Brown Sabbath emerged last year as the Iommi-worshipping alter ego of Brownout – the proggy, Latin-flavoured funk collective from Austin, Texas. As a way to break up the monotony of a long club residency, Brownout began reinterpreting the works of different artists each week and with half of the band already fluent in metal, they channeled a clutch of Black Sabbath’s greatest hits into the propulsive tantric grooving of a mythical Santana/Funkadelic supergroup.
Their source material offered an ideal vehicle for such interpretation; beyond the concussive heaviness of the originals, what pushed Sabbath beyond other proto-metallers were the prismatic undercurrents of soul and jazz shaping the rhythms. Brown Sabbath coax these subtler elements from the background and place them front and center, reworking a gang of iconic parking lot anthems into a hip-shaking pastiche of blues, funk, psychedelia, jazz and rock that nonetheless hews faithfully to the originals. “Brown Sabbath” proved so successful that the eight-headed rhythmic beast took it to the studio and last June released the covers as Brownout Presents Brown Sabbath.

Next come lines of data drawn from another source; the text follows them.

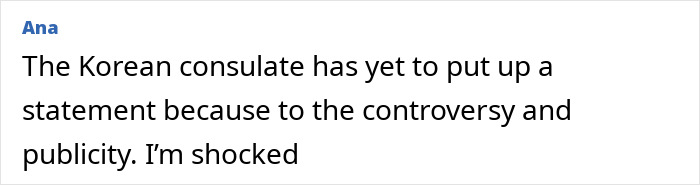 Screenshot of a comment discussing controversy surrounding a website offering intimate encounters and K-Drama-style dates with Koreans. Screenshot of a comment discussing controversy surrounding a website offering intimate encounters and K-Drama-style dates with Koreans.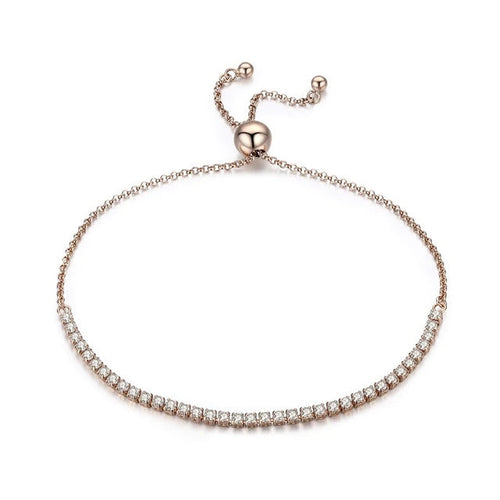 Thin Tennis Bracelet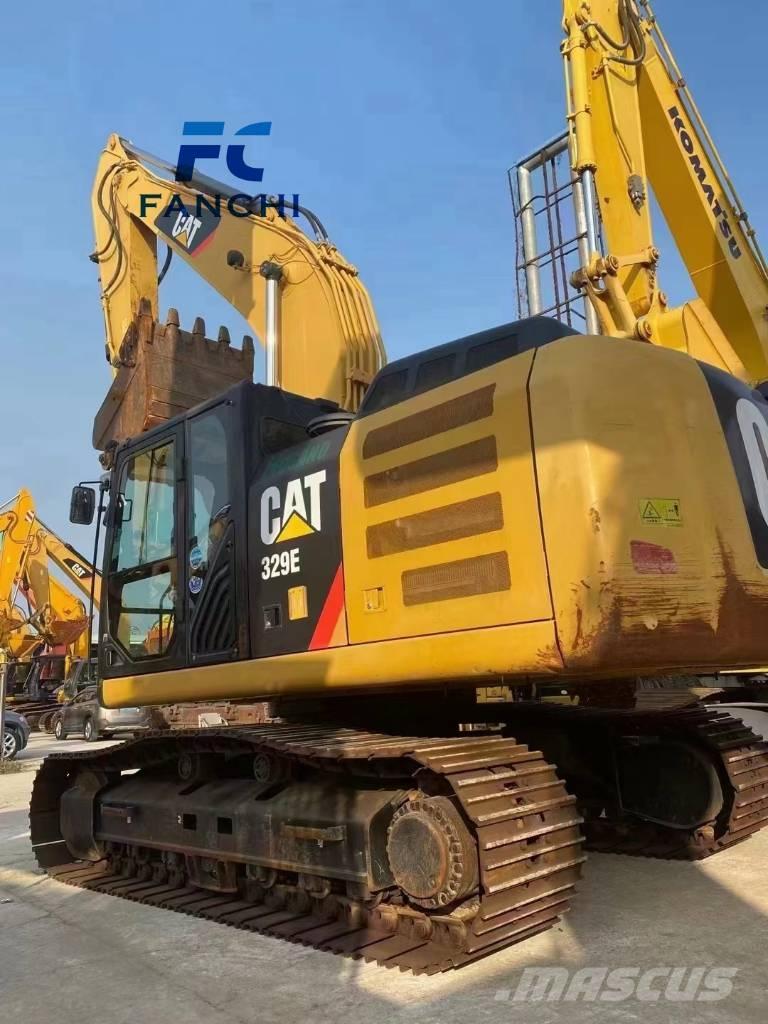CAT 329 E Koparki gąsienicowe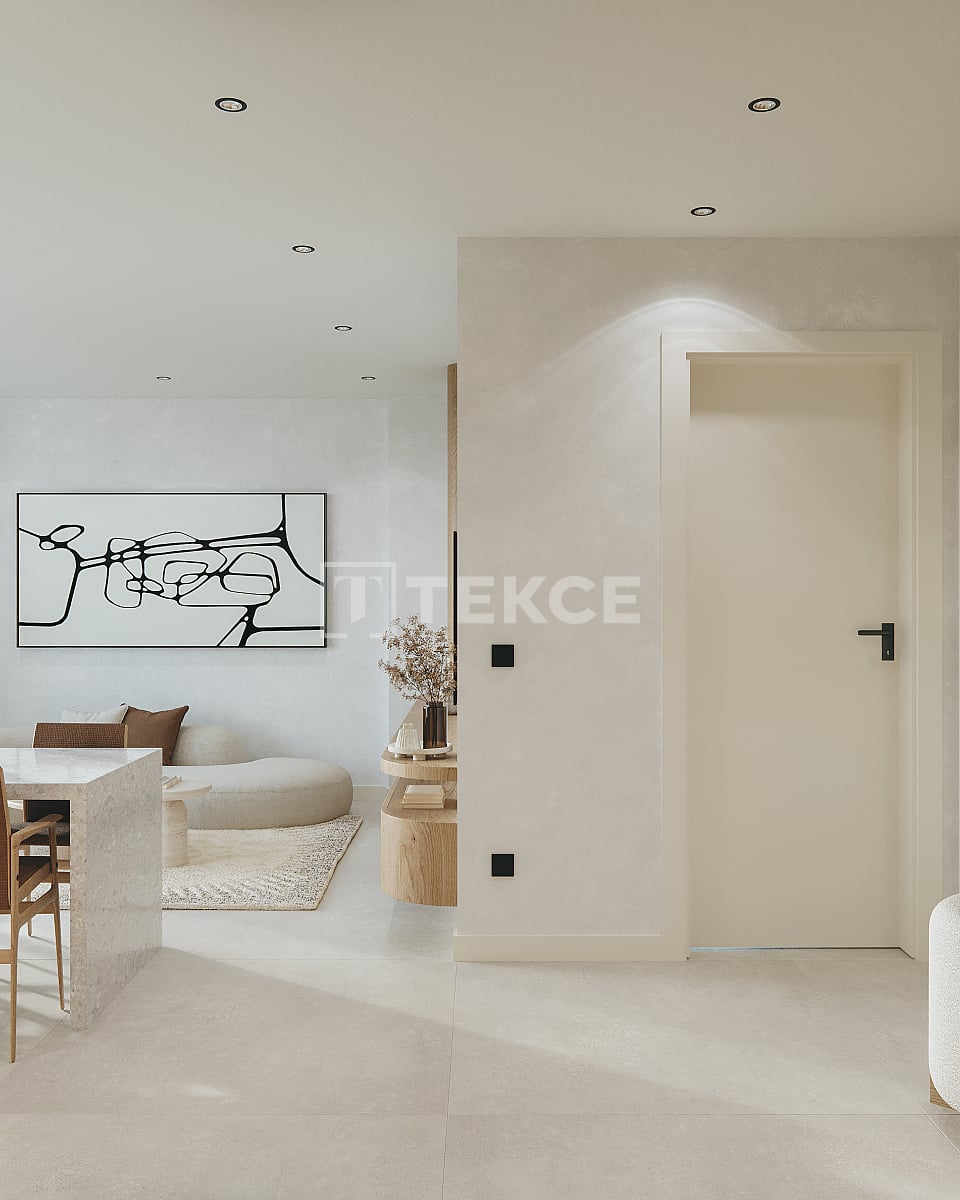 Апартаменты в Бодруме, Турция, 55 м² - фото 19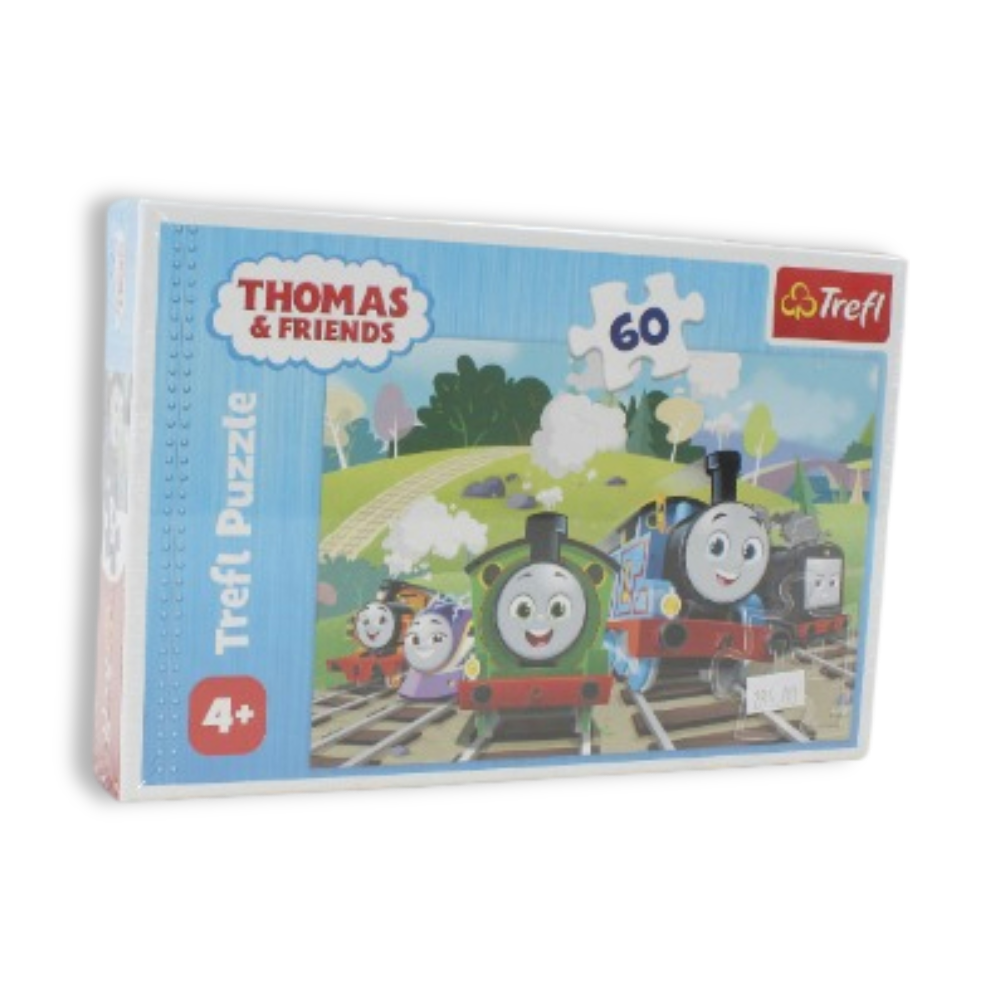 Trefl Thomas & Friends: Thomas On A Trip Jigsaw Puzzle – 60 Pcs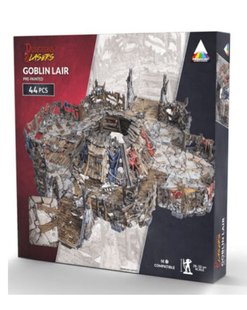 Террейн Dungeons & Lasers Goblin Lair - Prismacast Pre-painted DNL0125 фото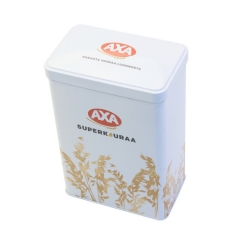 Hot selling food garde tea tin box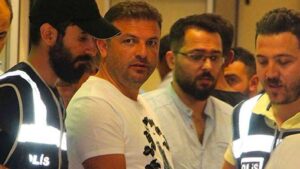 Bahis Baronu Veysel Şahin tahliye edildi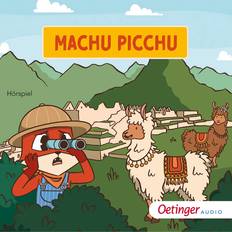 Hörbücher Rund um die Welt mit Fuchs und Schaf. Machu Picchu 4 (Hörbuch, MP3)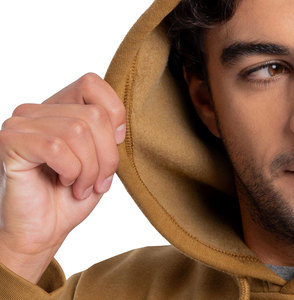 Gran oferta, ropa de calle de algodón 100% de alta calidad, sudaderas con capucha, ropa transpirable personalizada de diseño superior para invierno - Product Image 2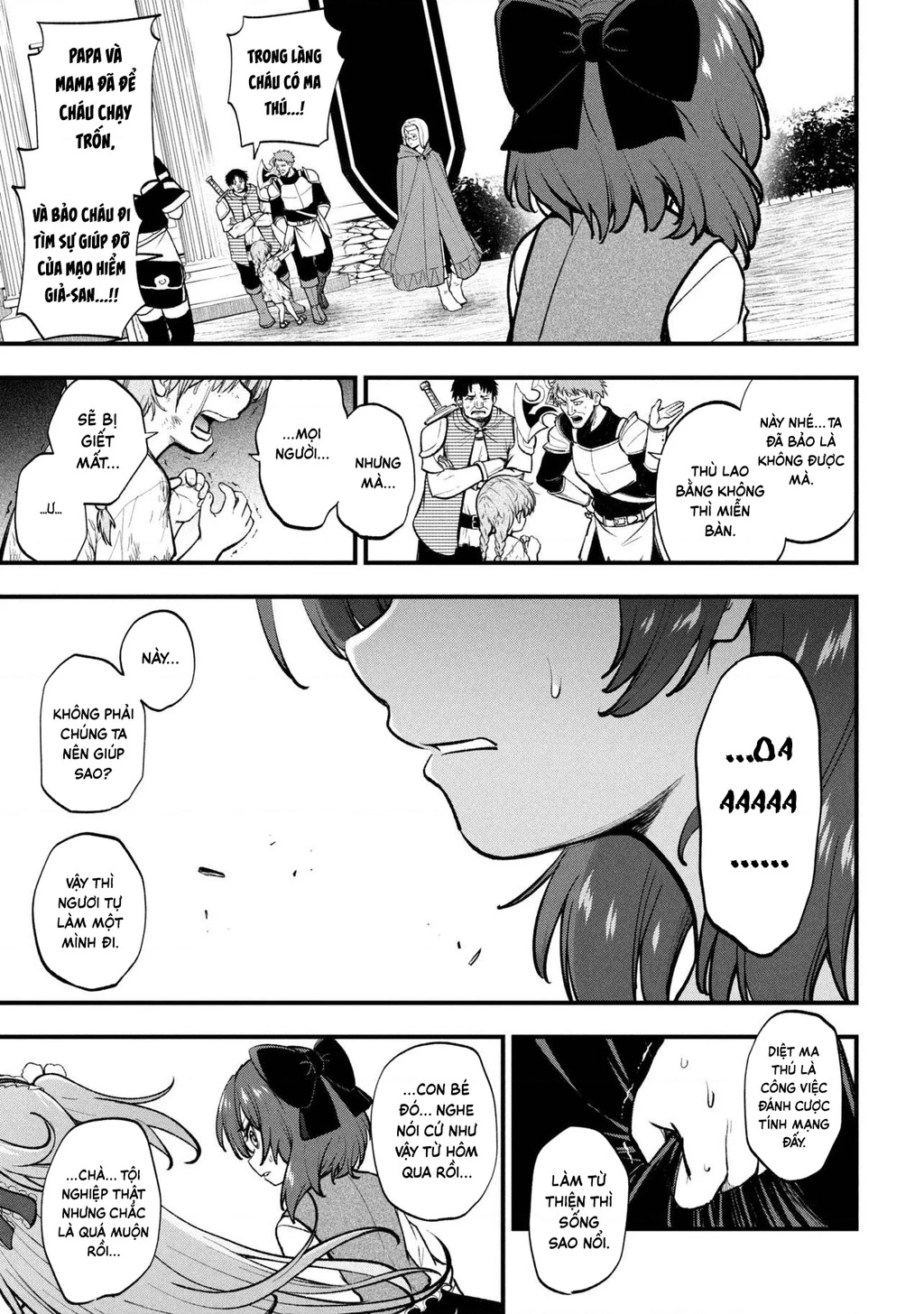 Dị Giới Ma Pháp Thiếu Nữ Radical☆HARUNA Chapter 2.1 - 10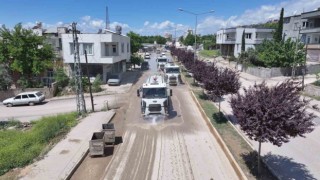 Adıyaman Belediyesinden temizlik çalışması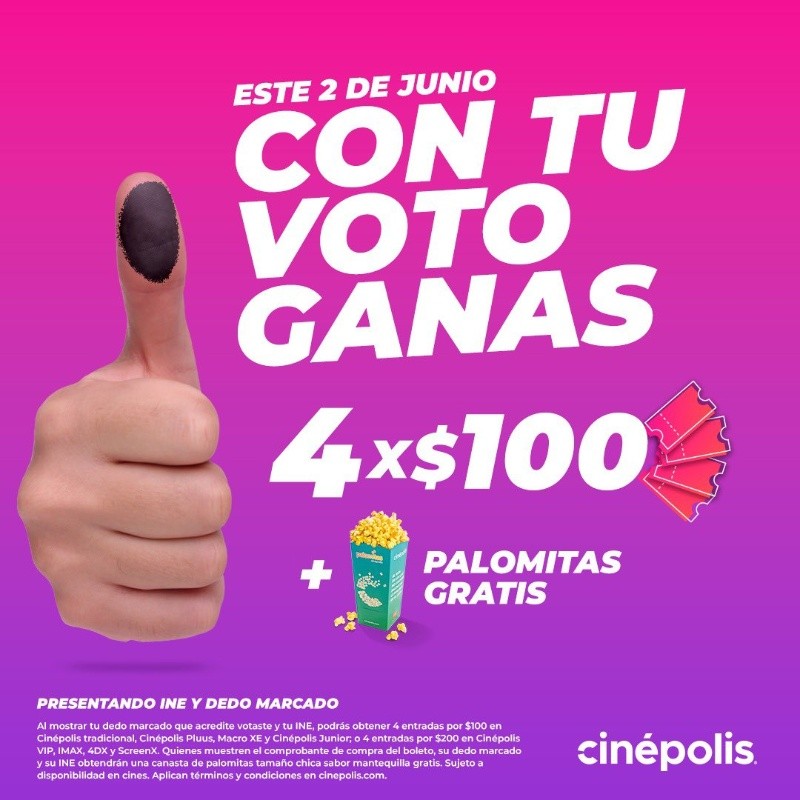  ESPECIAL/X/ @Cinepolis.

Openers Jungle Fire unfurl a tapestry of afro funk jams that are all but impossible to separate but that warm the crowd up nicely. At ten o’clock, the headliners emerge and waste zero time locking into a gelatinous, tritonal groove that burns into N.I.B., as frontman El Ozzy (Alex Marrero) strides out in a poncho and wrap-around shades, banging his afro and throwing the horns like Lenny Kravitz’ cooler lowrider cousin. Although it’s a Tuesday evening, every single person in the Roxy is dancing, shouting “Oh yeah!” and carrying on as if we were off on some balmy Caribbean island with bottomless rum drinks and no work for a week.
Pic: Jeff Kravitz
“Buenos noches, Cabrones!” Marrero bellows before the band light into the groovy prismatic voyaging of Hand of Doom, showcasing a mighty improvisational interlude underpinned by deep, unyielding rhythms and seismic torrents of brass. It’s clear that an awful lot of thought went into creating these arrangements – the horn section often take on Iommi’s parts, brilliantly dividing them into feral, three-part harmonies on tracks like Into The Void, while the twin guitars deliver enough paint-peeling riffage to keep the metalheads happy.
Marrero indulges in three costume changes during the longer instrumental bits and while the music stands on its own, it’s his manifest joy that glides the set over the rocks of one-trick-ponydom. Sprawling percussive blowouts like Children Of The Grave, Sweet Leaf and War Pigs elicit the biggest response from the crowd and the hour-plus setlist also includes Black Sabbath, Iron Man and Electric Funeral. On the heels of such unvarnished success, Brownout’s next move will be quite interesting.